Remote actions for an end user with Intune
There are several remote actions for an end user that affect his devices and involve Intune or Azure AD. This short post will give an overview about the capabilities. Mainly there are the following portals:
My Account — Devices
Here are all devices listed where the user signed-in, which resulted in an Azure AD joined or registered state (an therefore have an AAD device object) You can perform these remote actions on all of your devices:
- Disable the device (which will prevent the device authenticating via Azure AD and revoke the Primary Refresh Token) More info
- View Bitlocker Keys of the device in case an end user needs to unlock the drive with the recovery key (Hint: you can Block users from viewing their BitLocker keys)

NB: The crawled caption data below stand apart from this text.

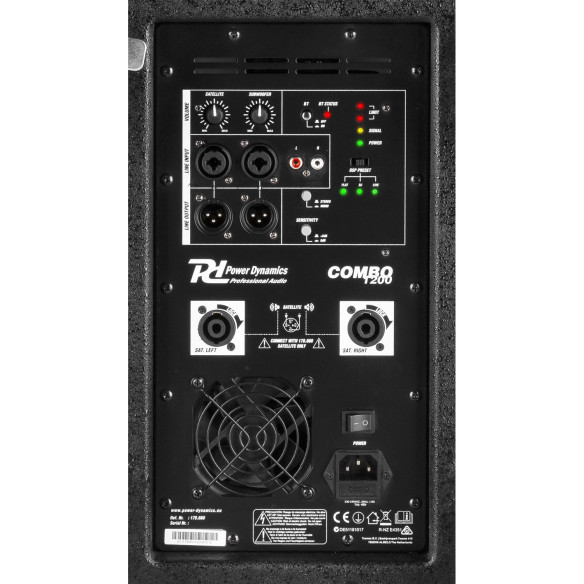 Power Dynamics PD COMBO 1200 Sistema de Sonido 1 Subwoofer 12"  2 Satélites 6,5" Amplificación Clase D Power Dynamics PD COMBO 1200 Sistema de Sonido 1 Subwoofer 12"  2 Satélites 6,5" Amplificación Clase D
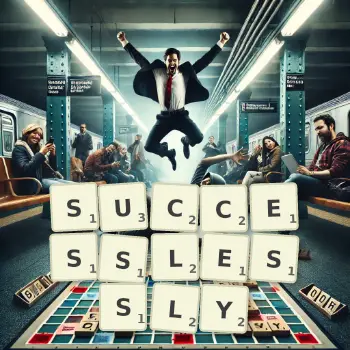 Creative illustration for a Scrabble game with the word SUCCESSLESSLY spelled out in tiles on the board.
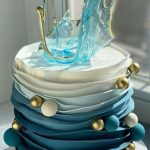 Blue Ombre Wavey Designer Cake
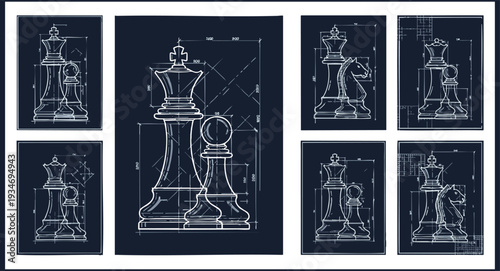 Chess Piece Engineering Blueprint and Technical Design Collection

Company Portal Online — Devices
This is an online ‘lite’ version of the Company Portal (some features are not supported). If you are the primary user of the device (from Intune) you can:
- Rename or
- Reset a device
- Check status to verify the compliance state
Looking into the remote reset
I found the option to remotely reset a device as “normal” user interesting and tried that out. By clicking on “Reset”:
Shortly afterwards if you want to open the Company Portal on that respective device you have chosen for a remote reset:
On the next sync schedule or when performing a manual sync, the device will approach for a reset:
Note during this:
- The Intune object will get deleted and recreated
- The Azure AD device object will preserve
- After the reset, the user needs to authenticate in the OOBE to setup his device during an Enrollment Status Page (ESP). Sidenote: I have not tested it, but I assume with a Self-Deploying profile you might not need to authenticate.